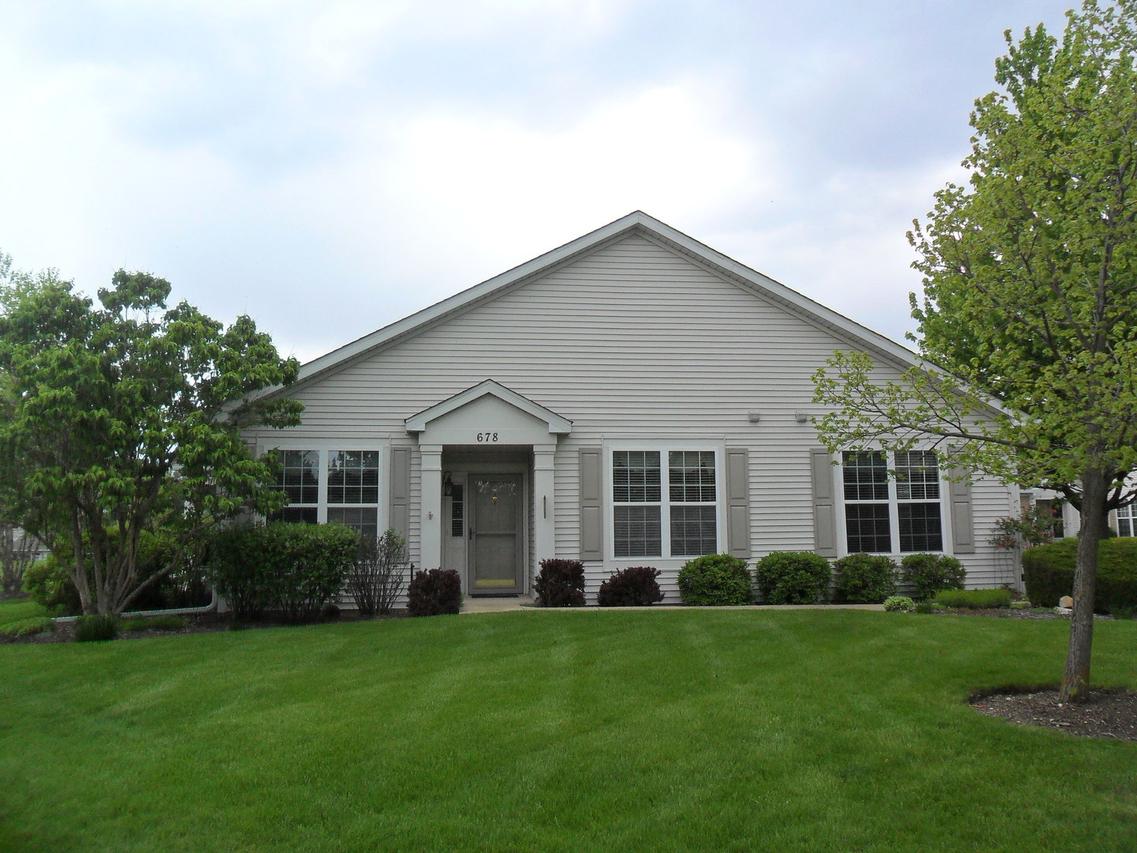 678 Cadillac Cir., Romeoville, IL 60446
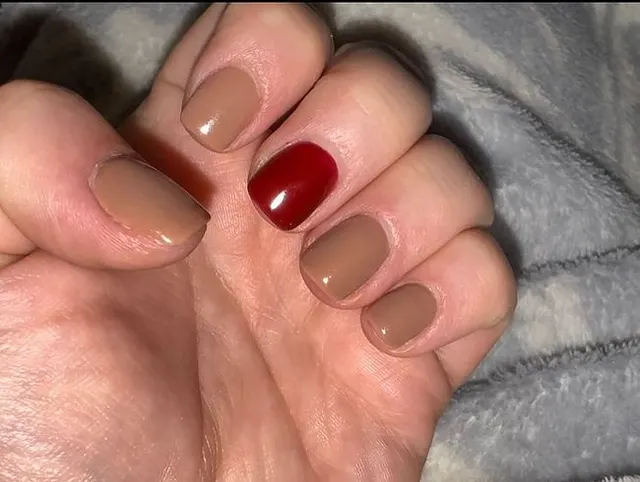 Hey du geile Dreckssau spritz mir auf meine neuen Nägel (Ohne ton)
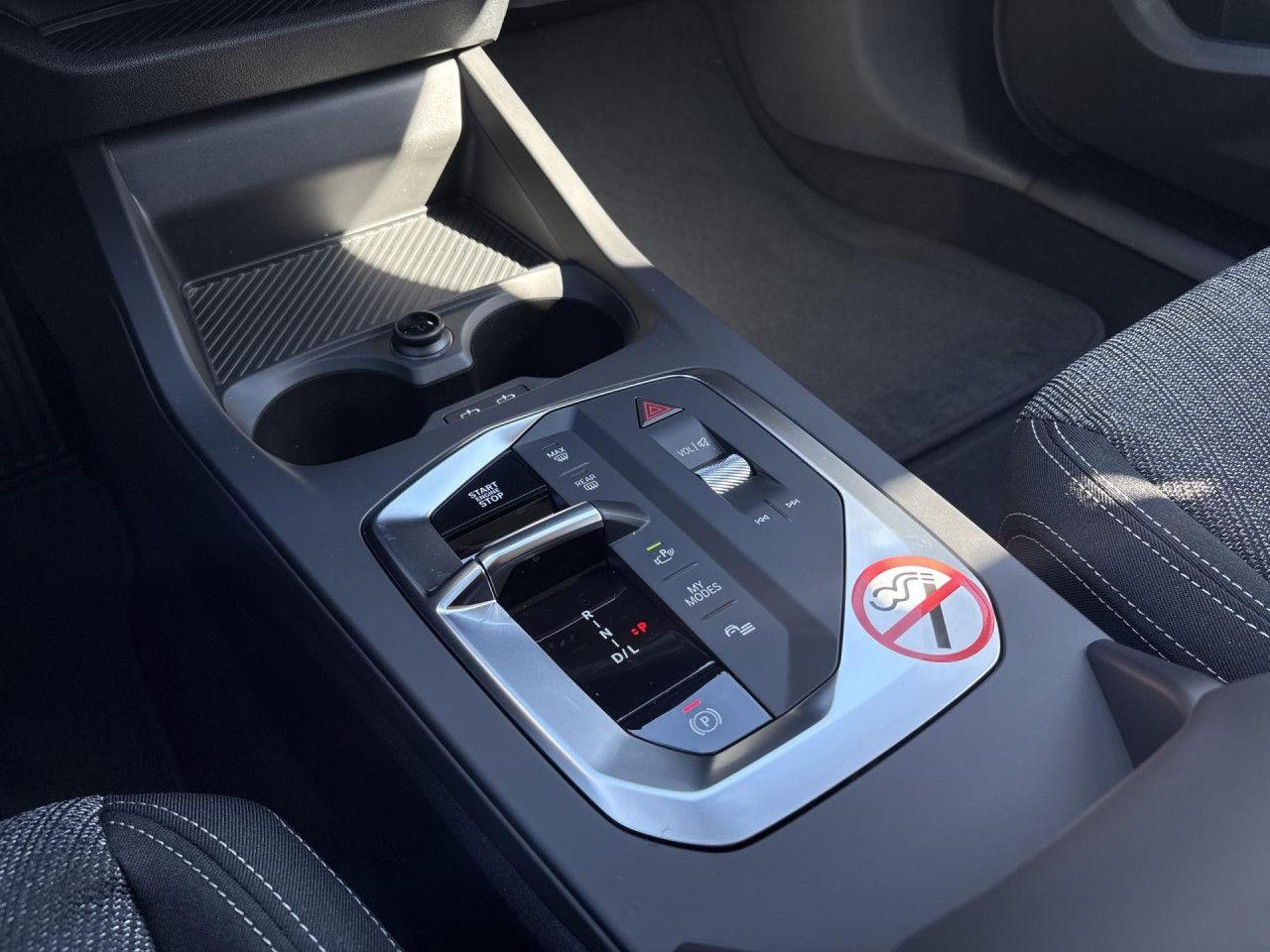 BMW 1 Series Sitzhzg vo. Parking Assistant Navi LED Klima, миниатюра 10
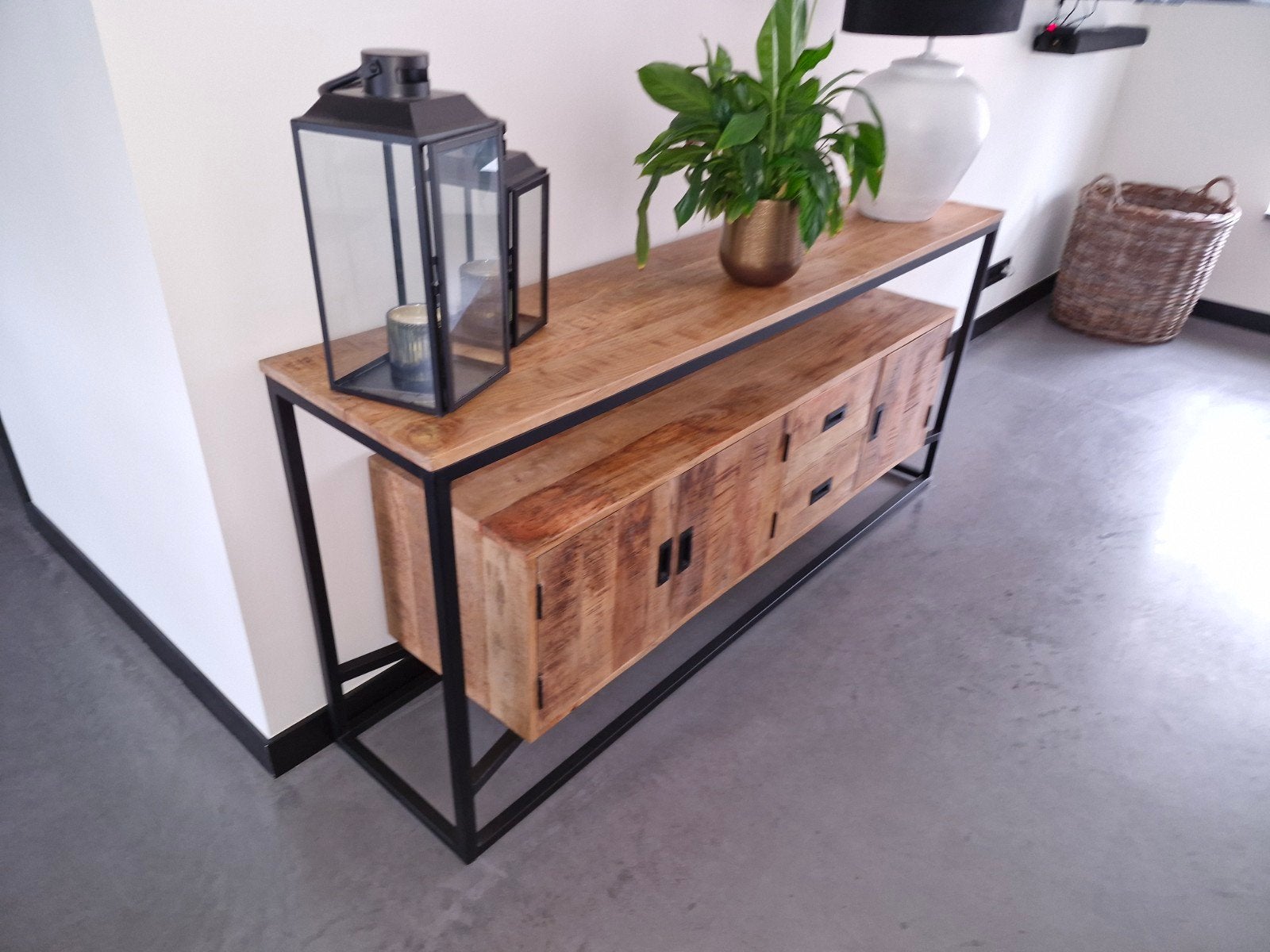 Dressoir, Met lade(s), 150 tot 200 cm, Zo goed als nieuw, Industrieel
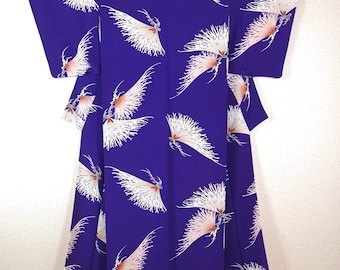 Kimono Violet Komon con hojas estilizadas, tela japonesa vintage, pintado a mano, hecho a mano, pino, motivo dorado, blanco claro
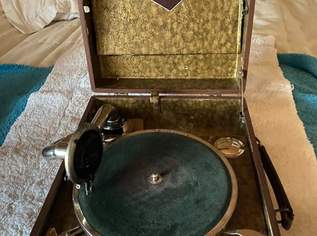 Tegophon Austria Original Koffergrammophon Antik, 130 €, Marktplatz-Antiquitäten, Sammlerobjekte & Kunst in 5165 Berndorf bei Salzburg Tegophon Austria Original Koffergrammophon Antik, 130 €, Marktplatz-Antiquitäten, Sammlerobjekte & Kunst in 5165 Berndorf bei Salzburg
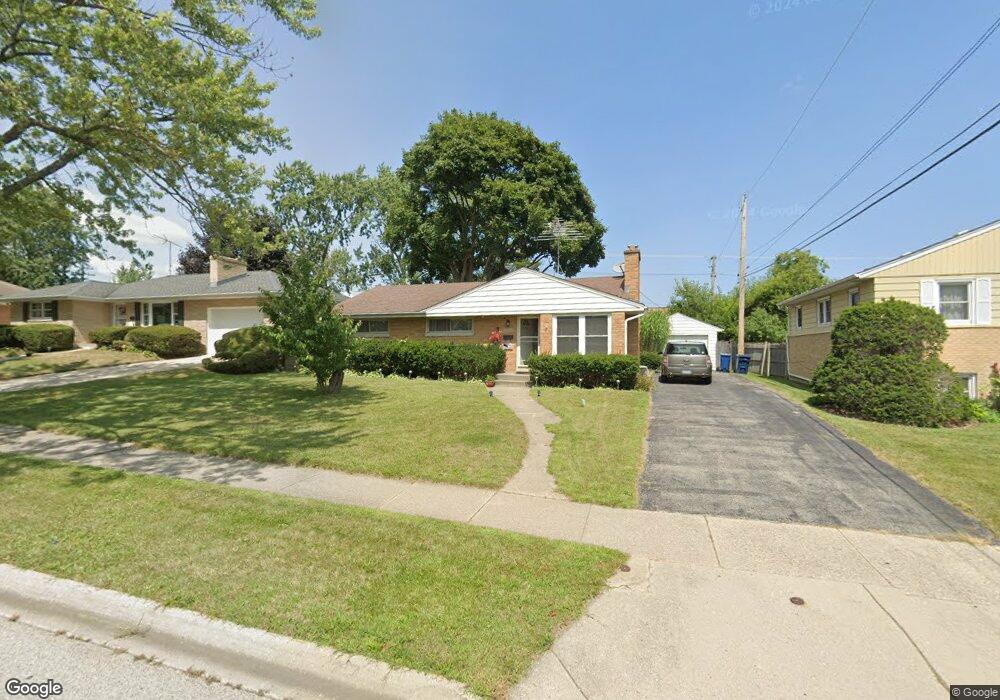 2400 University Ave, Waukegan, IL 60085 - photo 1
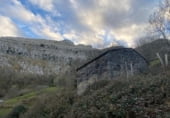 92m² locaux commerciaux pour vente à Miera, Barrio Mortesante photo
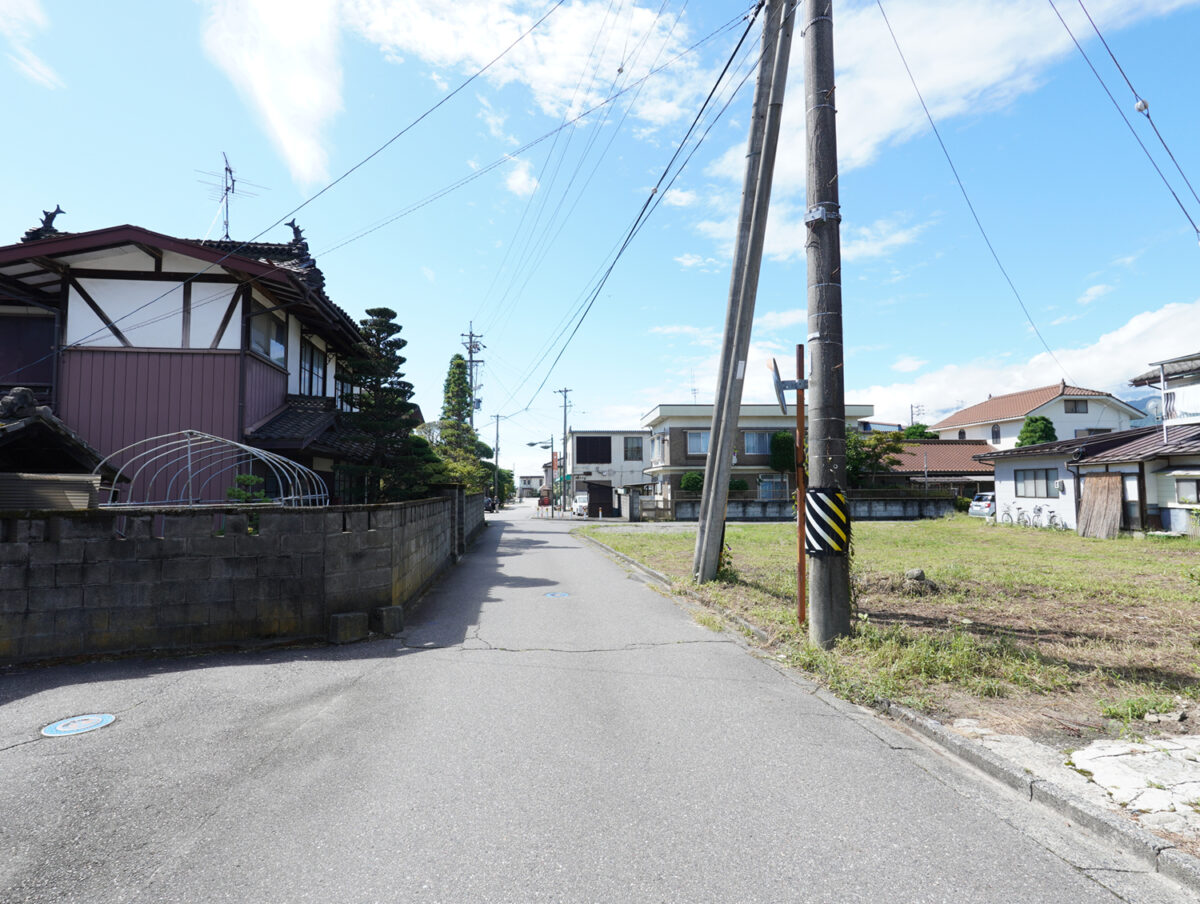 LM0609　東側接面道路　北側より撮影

********

The lines from the one that contains "92m² locaux commerciaux" through the end of the data, repeated exactly and with no pictures, make up the whole answer.

 92m² locaux commerciaux pour vente à Miera, Barrio Mortesante photo
 LM0609　東側接面道路　北側より撮影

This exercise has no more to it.